August 21, 2015 – If we could directly harvest carbon dioxide (CO2) from the air and separate and capture the carbon while converting what’s left to oxygen then that would really be a technology breakthrough of consequence in our fight against global warming. Sounds like science fiction? Well it’s not.

Researchers at George Washington University have done just that. They are capturing CO2 and converting it to carbon nano-fibers and oxygen using a unique electro-chemical process. To achieve this feat they use solar power that makes use of the infrared spectrum to generate significant heat. The air is exposed to a solution of molten lithium carbonate and lithium oxide. The latter combines with the CO2 to create more lithium carbonate. Two electrodes are immersed in the molten carbonate and electricity is passed through producing oxygen and carbon, the latter which deposits on one of the electrodes. The additional byproduct is lithium oxide which then is used to capture more CO2 perpetuating the process. By varying the current the researchers can create different nano-fiber shapes from the captured carbon.

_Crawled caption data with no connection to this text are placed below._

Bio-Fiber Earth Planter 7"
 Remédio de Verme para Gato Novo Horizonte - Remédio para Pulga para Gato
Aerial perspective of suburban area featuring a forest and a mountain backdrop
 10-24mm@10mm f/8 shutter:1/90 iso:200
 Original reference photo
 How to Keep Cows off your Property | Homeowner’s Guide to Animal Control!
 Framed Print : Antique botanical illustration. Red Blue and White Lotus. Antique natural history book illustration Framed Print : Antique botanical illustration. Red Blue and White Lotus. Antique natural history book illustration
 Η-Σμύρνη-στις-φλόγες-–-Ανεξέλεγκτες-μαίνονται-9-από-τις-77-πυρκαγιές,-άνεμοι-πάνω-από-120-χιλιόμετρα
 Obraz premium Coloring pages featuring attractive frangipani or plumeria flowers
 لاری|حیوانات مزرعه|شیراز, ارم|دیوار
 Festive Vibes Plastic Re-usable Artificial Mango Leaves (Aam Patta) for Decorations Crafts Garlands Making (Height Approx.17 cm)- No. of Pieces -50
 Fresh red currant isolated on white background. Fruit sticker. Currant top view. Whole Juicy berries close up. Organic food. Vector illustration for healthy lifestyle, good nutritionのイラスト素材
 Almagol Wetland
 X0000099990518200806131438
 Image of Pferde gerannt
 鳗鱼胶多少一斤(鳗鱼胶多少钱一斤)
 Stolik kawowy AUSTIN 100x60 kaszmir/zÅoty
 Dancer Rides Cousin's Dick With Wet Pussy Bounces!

Now here’s the kicker. The potential to use this technology to reverse the accumulation of CO2 in the atmosphere would require an installation less than 10% the size of the Sahara Desert. At that scale the technology could return CO2 levels within a decade to pre-Industrial Revolution levels even if we keep emitting more greenhouse gases equivalent to current levels.

Carbon nano-fibers are the 21st century answer to diminishing supplies of the materials we use today – steel, aluminum and concrete. And better yet, using them in construction and for other purposes creates a permanent carbon sink.

The research is described in this month’s NANO Letters in a n article entitled, One-Pot Synthesis of Carbon Nanofibers from CO2. In the illustration below (A) is one of the two electrodes immersed in the molten liquid. (B) through (E) shows the carbon accumulating on the electrode as current is applied. (F) and (G) show the carbon nano-fiber under two levels of magnification.

One can see application of this relatively inexpensive technology to existing coal-fired power plants to capture CO2 directly from the smokestack creating carbon nano-fibers as a byproduct. Adding solar collectors to these facilities would be a small incremental cost. Further tuning of the metal content of the electrodes could give energy companies still using coal the means to produce a variety of carbon nano-structures to meet different industrial and materials requirements. Market demand for carbon nano-fibers is expected to grow throughout the century as the material cost to produce them falls.

This to me sounds like a significant disruptive yet positive change for an industry that is currently struggling to remain relevant as nations address both energy needs and low carbon goals.